まず1733年、ジョン=ケイ(1704〜64年頃)という人が、「飛びひ」という道具を発明。


ヨコ糸をすばやくタテ糸に編み込ませることが可能となり、綿織物の生産が増加していった。

しかし、織物をたくさんつくろうとすると、綿糸が足りなくなる。
その結果ハーグリーヴズ(1720年頃〜78年)さんが、いっきに何本もの軸に綿糸を巻きつけ、一度にたくさんの綿糸を生産することができる「多軸紡績機」を開発。生産効率アップが可能となった。


この機械はジェニー紡績機といって、人力だった。
1764年の発明だ。


1769年になると、アークライト(1732〜92年)さんが、人力じゃなくて水の力で機械を動かす機械(水力紡績機)を開発。



さらにクロンプトン(1753〜1827年)さんはミュール紡績機を開発。
ハイクオリティな綿糸を大量生産することが可能となったのだ。


もちろんただ単に綿布をつくればいいというわけじゃない。

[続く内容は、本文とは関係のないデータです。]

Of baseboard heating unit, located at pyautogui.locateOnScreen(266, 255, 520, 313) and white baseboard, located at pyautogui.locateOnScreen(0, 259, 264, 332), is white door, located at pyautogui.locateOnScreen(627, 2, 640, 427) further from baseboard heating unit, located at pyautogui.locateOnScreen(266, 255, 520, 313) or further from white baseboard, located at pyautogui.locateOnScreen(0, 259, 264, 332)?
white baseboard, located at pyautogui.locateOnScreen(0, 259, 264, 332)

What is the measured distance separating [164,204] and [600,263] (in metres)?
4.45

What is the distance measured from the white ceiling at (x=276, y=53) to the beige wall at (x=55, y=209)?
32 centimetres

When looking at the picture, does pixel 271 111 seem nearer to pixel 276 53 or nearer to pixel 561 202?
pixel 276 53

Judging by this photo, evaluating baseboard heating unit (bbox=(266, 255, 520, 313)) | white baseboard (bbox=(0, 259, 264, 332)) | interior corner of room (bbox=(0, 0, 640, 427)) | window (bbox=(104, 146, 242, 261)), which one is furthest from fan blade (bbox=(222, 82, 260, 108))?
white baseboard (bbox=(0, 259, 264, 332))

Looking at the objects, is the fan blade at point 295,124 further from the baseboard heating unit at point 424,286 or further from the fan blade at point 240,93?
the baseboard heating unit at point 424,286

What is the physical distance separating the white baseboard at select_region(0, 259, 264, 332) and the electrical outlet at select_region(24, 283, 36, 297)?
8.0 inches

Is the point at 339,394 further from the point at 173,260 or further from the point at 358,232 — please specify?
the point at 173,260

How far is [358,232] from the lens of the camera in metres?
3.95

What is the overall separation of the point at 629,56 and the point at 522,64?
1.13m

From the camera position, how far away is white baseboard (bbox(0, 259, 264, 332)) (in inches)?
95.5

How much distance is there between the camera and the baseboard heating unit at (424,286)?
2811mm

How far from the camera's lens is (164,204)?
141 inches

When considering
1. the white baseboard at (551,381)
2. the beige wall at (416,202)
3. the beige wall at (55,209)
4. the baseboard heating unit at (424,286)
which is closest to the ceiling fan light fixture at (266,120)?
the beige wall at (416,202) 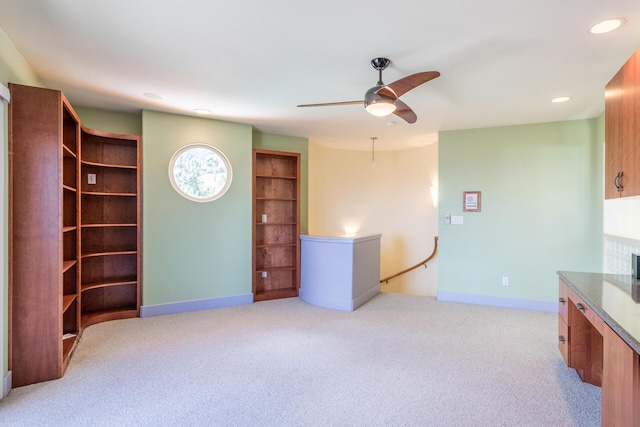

柄やデザインを染める技術も必要だ。

また、織物の機械を人力でも水力でもない動力で動かせないかということも考えられるようになる。
その新たな動力として浮上したのが、スコットランド人のワットさん(1736〜1819年)によって発明されたスチーム・エンジン(蒸気機関)だ。


スチーム、つまり沸騰したお湯から蒸発する水蒸気が、筒の中のピストンを押し上げる“超強力な力”を利用した動力装置である。


ワットさんは、すでにニューコメンさん(1663〜1729年)が、18世紀初めに石炭の鉱山からじゃまな地下水を組み上げるためにつかっていたポンプの動力として開発されていた装置を1769年に改良。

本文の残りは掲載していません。